С Архангельском, особенно с Соломбалой, связаны имена всех знаменитых полярных исследователей. Отсюда начинали свой путь на север и на восток, в холодную ледяную пустыню Лазарев и Чичагов, Литке и Русанов. Отсюда ушел в 1928 году ледокольный пароход «Малыгин», посланный на поиски экспедиции итальянца Нобиле, который пытался на дирижабле достичь полюса и потерпел аварию.
Четыре года спустя прославленный ледовый капитан — архангелогородец В. И. Воронин — вывел из устья Двины пароход «Сибиряков», которому суждено было стать легендарным. Это он тогда, впервые в истории, прошел за одну навигацию от Белого моря до Тихого океана, открыв, таким образом, движение по Северному морскому пути. Это «Сибиряков» вписал одну из героических страниц в историю нашего флота в годы войны. Мы: еще вспомним об этом. А пока расскажу о событии, которое произошло как раз в то время, когда наш «Воровский» бороздил северные моря.
Я люблю музыку пароходных гудков. Сколько в них различных оттенков! Прислушайтесь! Задорный крик молодого катера и сиплый голос доживающего свой срок портового буксира — разве их спутаешь? Грустный гудок уходящего в дальний рейс судна и радостный, полный надежды и нетерпения — при возвращении.

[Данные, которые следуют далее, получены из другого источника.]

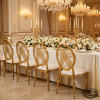 Gold radial arc backrest chairs showing ornate back detail at banquet hall chandeliers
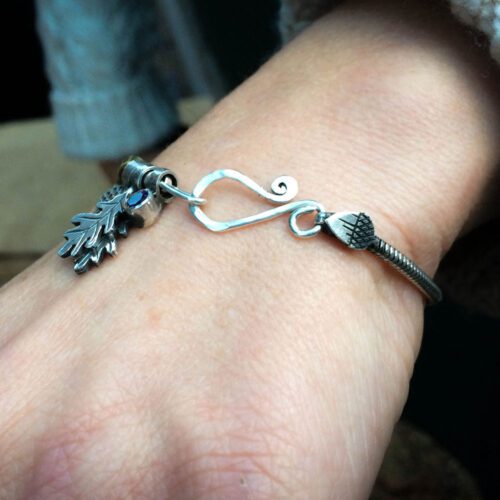 Silver charm bracelet handcrafted and recycled for the tree of life sculpture collection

Или частые, тревожные гудки в тумане, когда ничего не видно вокруг и корабль сбавляет ход, боясь столкнуться со встречным судном. Протяжно и торжественно звучат гудки при переходе через экватор или через полярный круг. Надрывая душу, тоскливо воет гудок, когда хоронят в море товарища, прикрыв его корабельным флагом, завернув в парусину и привязав к ногам тяжелый балласт.
А бывают гудки непонятные, неожиданные для постороннего человека. Как-то ранним утром старый пассажирский теплоход «Львов», бывший во время войны госпитальным судном и награжденный боевым орденом, приближался к Новороссийску. Я как раз находился на палубе, когда на мостик поднялся капитан в парадной форме и собственноручно дал долгий и грустный гудок. Я постеснялся узнать у него, зачем это нужно в открытом море? Некоторые пассажиры ворчали: гудок разбудил их.
Лишь потом рассказали мне ребята со «Львова», что на этом месте два госпитальных судна подверглись налету немецкой авиации. Судно нашего капитана и его друга. У них не было никакого оружия, только красные кресты. А каюты и палубы были полны ранеными, которых везли из осажден него Севастополя.
Немецкие бомбы и снаряды кромсали тела кораблей. Когда подоспела помощь, один из них уже находился на дне, а второй, дырявый, как решето, медленно полз вперед, наклонившись на один борт.
Теперь, говорят, старый капитан «Львова» ушел на пенсию и никто не салютует морской могиле, где покоятся сотни неизвестных матросов и неизвестных солдат. Над этой могилой не поставишь обелиск, с годами она совсем сотрется в человеческой памяти…
Гудок — это голос корабля, это его душа. Я встречал моряков, которые не любят бывать в Одессе, называют одесский порт «глухим», потому что там, в городе-курорте, запрещены отходные и напутственные гудки.
При встрече в море корабли, как правило, обмениваются приветствиями. Иногда это короткие, равнодушные сигналы, иногда приятельские, долгие, даже игривые.
Да, всякие бывают гудки, и совсем по-особому звучали они в сентябре 1966 года на Диксоне, в Карском, Баренцевом и Белом морях, когда там появлялся старый орденоносный ледокол «Георгий Седов». Все встречные суда, и большие и малые, и советские и иностранные, приветствовали ветерана долгим прощальным гудком, все суда поднимали на своих мачтах прощальный флажный сигнал. Ветеран Арктики совершал свой последний рейс.